Se dunque il primo Avatar denunciava l’avidità delle multinazionali pronti a calpestare popolazioni indigene e il secondo accendeva i riflettori sulla devastazione della foresta pluviale e degli oceani, il terzo cambia rotta. Qualche giorno fa Cameron ha dichiarato: «In Fuoco e cenere volevo spostare l’attenzione su un tema che mi sta a cuore, quello della perdita, per comprenderne il senso e le conseguenze. La scomparsa di una persona cara cambia tutto, e per sempre. Nei grandi film commerciali si ricorre alla vendetta, una grande sciocchezza, perché non è così che la gente si sente: il dolore ti paralizza, come accade a Neytiri all’inizio del film. Mi sono riproposto di essere onesto, di rappresentare l’esperienza umana in modo autentico: dietro questi grandi alieni blu c’è una vicenda che parla di famiglia e di lutti. È un film fatto da esseri umani, per gli esseri umani».
«La forza di una comunità unita e solidale, dove le donne rivestono ruoli cruciali, è un altro dei temi importanti di un film capace di dimostrare che sono più le cose che abbiamo in comune rispetto alle differenze», dicono gli attori più giovani, Bailey Bass, Trinity Jo-Li Bliss e Jack Campion, mentre Lang, divenuto uno dei grandi villain della storia del cinema, aggiunge: «L’umanità desidera ascoltare storie che illuminino il passato e il futuro e che rendano sopportabile il presente. Anche nei momenti più difficili è sempre possibile trovare una via d’uscita. Leggendo la storia di Milano, ho scoperto quanto siano stati duri anni come il 1942 e 1943, eppure anche allora è stato possibile uscire dall’ombra grazie alla speranza e all’ottimismo.
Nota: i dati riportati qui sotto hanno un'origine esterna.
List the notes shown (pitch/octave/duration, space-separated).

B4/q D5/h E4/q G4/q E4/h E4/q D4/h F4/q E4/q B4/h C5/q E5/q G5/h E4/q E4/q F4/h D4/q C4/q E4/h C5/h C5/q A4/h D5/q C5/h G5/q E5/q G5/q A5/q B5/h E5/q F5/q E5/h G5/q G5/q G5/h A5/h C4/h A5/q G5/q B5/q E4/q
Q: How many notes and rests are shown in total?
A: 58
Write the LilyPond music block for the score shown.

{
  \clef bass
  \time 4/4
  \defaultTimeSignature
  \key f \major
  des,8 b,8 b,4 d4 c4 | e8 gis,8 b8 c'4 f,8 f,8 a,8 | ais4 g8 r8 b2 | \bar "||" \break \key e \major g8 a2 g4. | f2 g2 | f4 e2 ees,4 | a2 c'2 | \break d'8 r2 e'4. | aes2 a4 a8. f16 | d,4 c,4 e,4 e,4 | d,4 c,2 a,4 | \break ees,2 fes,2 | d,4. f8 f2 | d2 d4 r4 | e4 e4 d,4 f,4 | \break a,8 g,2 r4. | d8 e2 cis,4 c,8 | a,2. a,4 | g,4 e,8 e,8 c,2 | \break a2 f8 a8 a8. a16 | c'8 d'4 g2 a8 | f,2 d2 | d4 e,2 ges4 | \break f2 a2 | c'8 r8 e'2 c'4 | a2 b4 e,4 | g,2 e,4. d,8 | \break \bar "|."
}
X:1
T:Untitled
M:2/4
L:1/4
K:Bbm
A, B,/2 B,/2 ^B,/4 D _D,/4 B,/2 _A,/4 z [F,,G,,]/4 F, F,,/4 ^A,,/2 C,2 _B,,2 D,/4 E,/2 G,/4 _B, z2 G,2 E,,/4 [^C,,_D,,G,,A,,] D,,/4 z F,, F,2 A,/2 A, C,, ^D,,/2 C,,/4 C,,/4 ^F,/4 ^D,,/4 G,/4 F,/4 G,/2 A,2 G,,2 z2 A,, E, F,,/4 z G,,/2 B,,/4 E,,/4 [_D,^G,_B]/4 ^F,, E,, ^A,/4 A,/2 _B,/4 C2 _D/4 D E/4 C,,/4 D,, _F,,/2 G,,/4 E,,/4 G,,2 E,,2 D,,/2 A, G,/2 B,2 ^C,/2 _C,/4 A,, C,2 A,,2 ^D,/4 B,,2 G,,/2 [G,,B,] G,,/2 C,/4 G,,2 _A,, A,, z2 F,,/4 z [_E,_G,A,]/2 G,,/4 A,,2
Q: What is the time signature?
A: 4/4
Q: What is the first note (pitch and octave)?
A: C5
Anche il mio paese, gli Usa, stanno oggi finalmente scoprendo la necessità di liberarsi dal buio del fascismo». E a proposito del suo personaggio, lo spietato Quaritch, commenta: «Il fatto di essere un grande cattivo non mi turba, perché ognuno di loro si sente l’eroe della propria storia. Per essere convincente ogni cattivo deve riuscire a farsi odiare, ma di Quaritch ho voluto capire le motivazioni, metterne il luce qualità e debolezze che creano dinamiche contraddittorie».
Tutti d'accordo poi sul fatto che l’esperienza cinematografica in sala sia insostituibile. Ancora Lang: «Ci sono film fatti apposta per essere visti al cinema, all’epoca fu così per Il mago di Oz. Film destinati a essere caposaldi della storia del cinema, e penso a Lawrence d’Arabia, 8 ½ e allo stesso Avatar. E voglio citare anche la grande Claudia Cardinale: sono stato molto felice di trovare nella mia camera d’albergo una sua foto».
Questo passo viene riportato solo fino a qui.